1. Em acção intentada contra o obrigado à prestação de alimentos, o autor apenas tem que alegar e provar a relação geradora dessa obrigação (a filiação, quando estejam em causa alimentos a favor de filho; e a menoridade deste, no caso de acção referente a menor) e a necessidade de alimentos, cabendo, por sua vez, ao demandado/requerido o ónus de alegar e provar a impossibilidade de os prestar.
2. Consequentemente, só em caso de prova da impossibilidade de prestar alimentos é que o obrigado a tal pode deles ficar desonerado (o que afasta a possibilidade dele ser desonerado em virtude da sua simples ausência em parte incerta e do desconhecimento da sua situação económica); por outro lado, a prova dessa impossibilidade deve ser feita pelo obrigado demandado na acção.
3. Embora tendo ocorrido factos supervenientes que justificam, de direito, o pedido de alteração do regime de regulação do exercício das responsabilidades parentais em vigor, no tocante aos alimentos (porquanto: i) o progenitor ficou desempregado e não lhe são conhecidos rendimentos provenientes de qualquer actividade laboral, subsídios ou de actividade de prestação de serviços; ii) o requerente vive com os pais que o sustentam e de quando em quando pede dinheiro emprestado ao irmão), esta factualidade não é suficiente para que seja totalmente suspensa a obrigação do progenitor em prestar alimentos aos seus filhos menores de idade.

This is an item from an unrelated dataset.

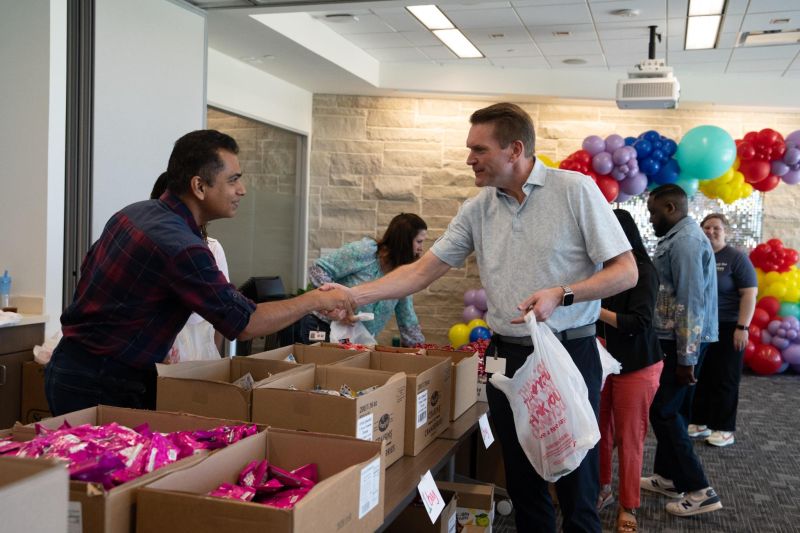 Chris Turner shaking hands with a colleague beside tables of supplies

4. Na verdade, tudo quanto se provou foi que o Requerente estava empregado no momento em que foi fixado o regime de regulação do exercício das responsabilidades parentais anteriormente em vigor e, actualmente, encontra-se desempregado, não auferindo quaisquer rendimentos provenientes do trabalho, tão pouco auferindo quaisquer subsídios (designadamente, de desemprego) ou outros proventos resultantes duma qualquer actividade de prestação de serviços.
5. Todavia, não ficou minimamente demonstrada (nem sequer o Requerente a ousou alegar) a total impossibilidade física do mesmo em providenciar o sustento dos seus filhos, designadamente, por incapacidade em exercer uma profissão, ou angariar meios, trabalhando.

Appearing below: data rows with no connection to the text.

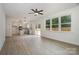 Open-concept living room featuring light wood floors and access to a modern kitchen at 726 Lithia Inn Rd, Lincolnton, NC 28092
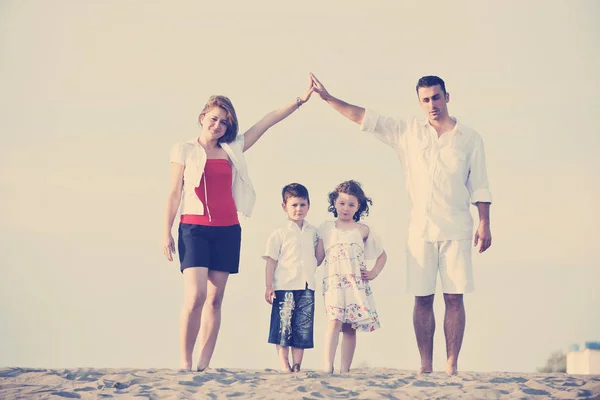 幸せな若い家族はビーチで楽しみ 子供たちを保護しながら接続された手でホームサインを示す — ストック写真
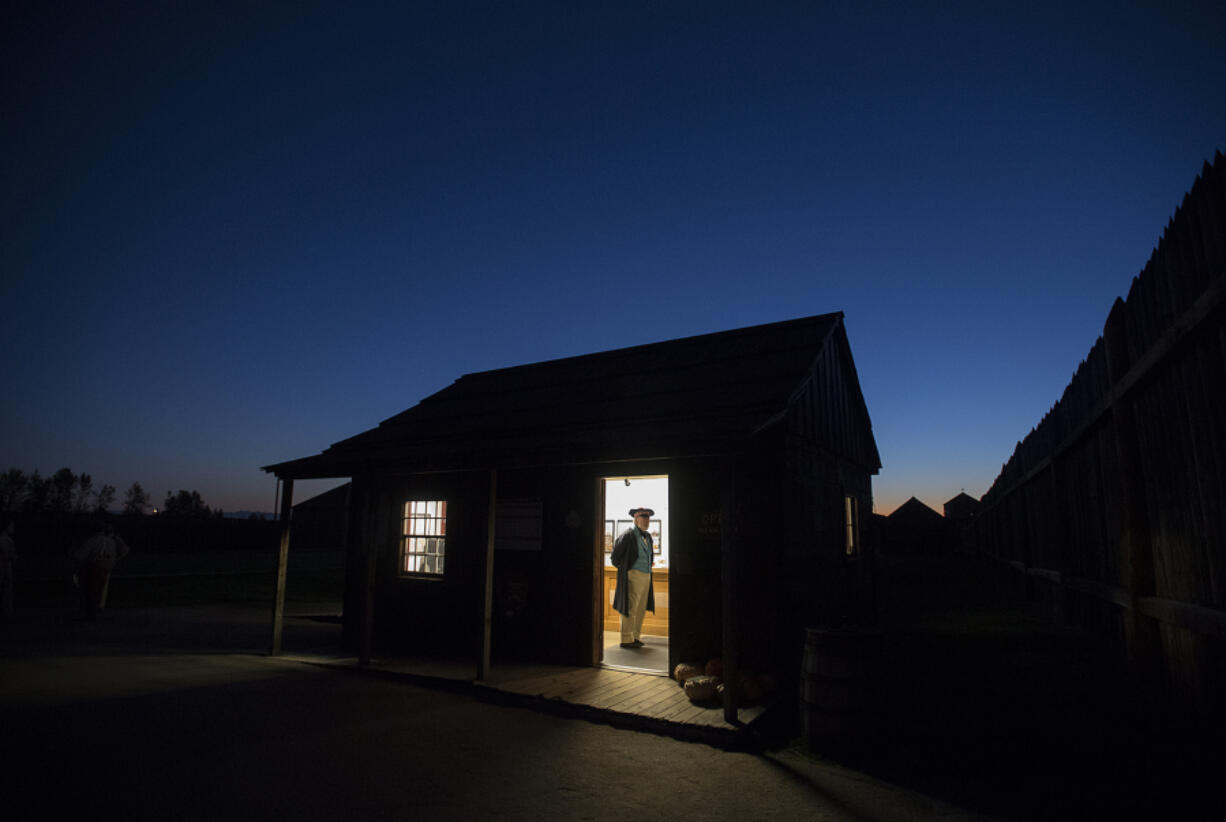 Costumed re-enactor Mike Riley waits for visitors at the entrance to Fort Vancouver National Historic Site on Oct. 28.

6. Efectivamente, não se apurou que o mesmo seja portador de qualquer incapacidade laboral, permanente ou definitiva, que o iniba de procurar e executar um trabalho que lhe permita auferir rendimentos de modo a cumprir o dever de alimentos que tem para com os seus filhos/menores.
7. Em qualquer caso, incumbe ao progenitor de filhos menores ora requerente da alteração da prestação alimentícia o dever de desenvolver esforços para alterar a situação em que se encontra, já que não demonstrou estar, de algum modo, impossibilitado de o fazer, trabalhando e auferindo a contrapartida, económica, desse trabalho.

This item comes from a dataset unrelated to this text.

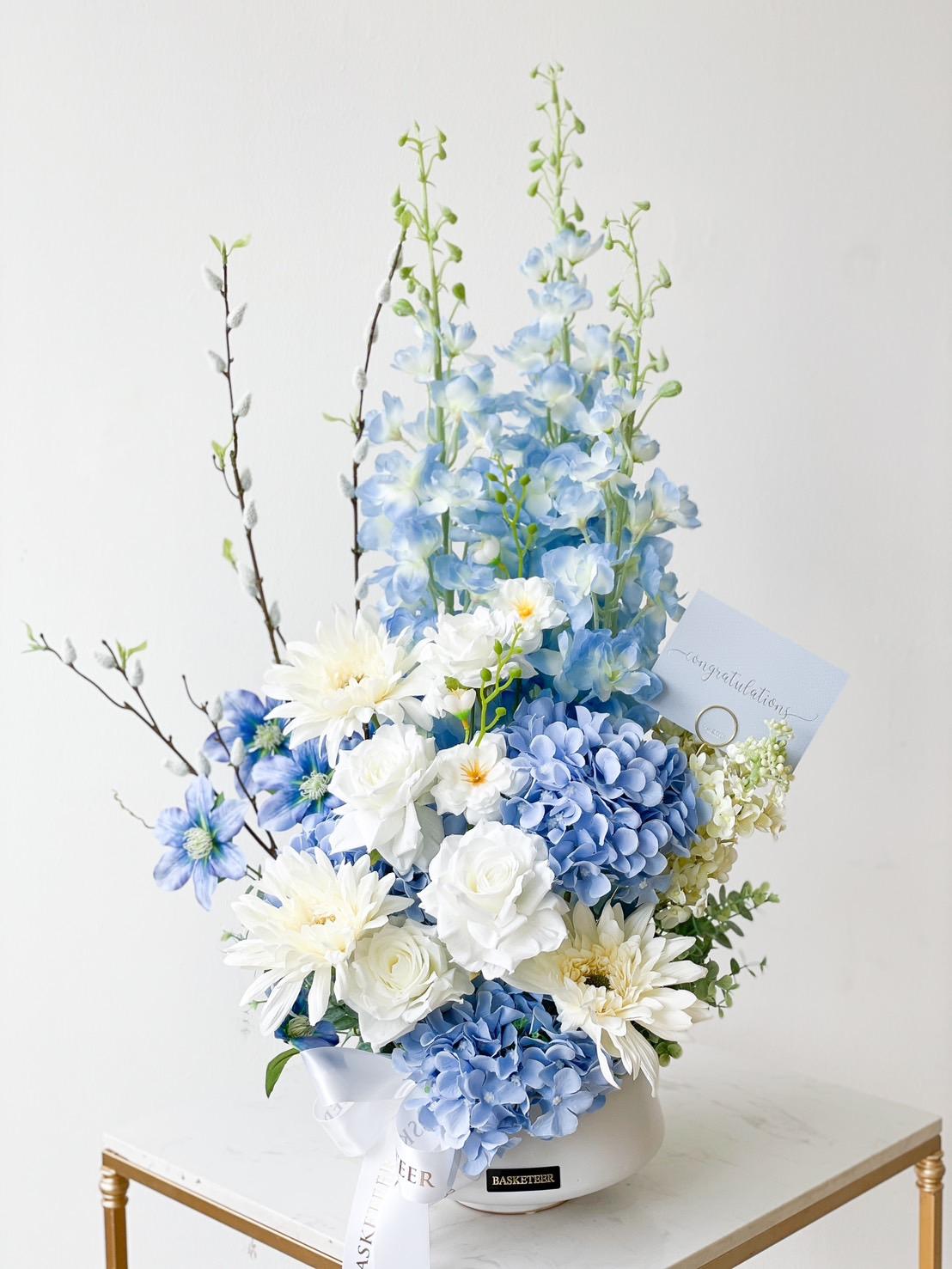 A stunning blue floral arrangement in a white vase boasts a variety of blue and white flowers, including roses, hydrangeas, dahlias, and delphiniums. Nestled among the blooms is a greeting card with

8. A mera prova de que ele está actualmente desempregado, vivendo a expensas dos seus próprios progenitores e dum irmão que lhe empresta regularmente dinheiro - ao contrário do que sucedia quando foi fixado o regime de regulação do exercício das responsabilidades parentais nos termos do qual ele ficou obrigado a prestar uma pensão alimentícia mensal de € 150,00 a favor de cada um dos seus dois filhos menores -, apenas constitui fundamento bastante para que essa pensão alimentícia seja (como foi) reduzida, aliás muito substancialmente (em 2/3), já que a decisão recorrida diminuiu o valor daquela pensão para € 50,00 por cada filho.
9. A redução do montante da pensão alimentícia (decretada pela sentença recorrida) pode e deve produzir efeitos a partir da data da propositura da acção de alteração dos alimentos, de harmonia com a regra geral contida no art. 2006º do Código Civil.
10. Consequentemente, a alteração do valor das prestações alimentícias devidas pelo requerente aos seus dois filhos menores, decretada na sentença recorrida, produz efeitos a partir da data da entrada em juízo da PI da presente acção tutelar cível para alteração da regulação do exercício do poder paternal (e não apenas a partir da data da prolação da sentença que altera o montante da prestação alimentícia).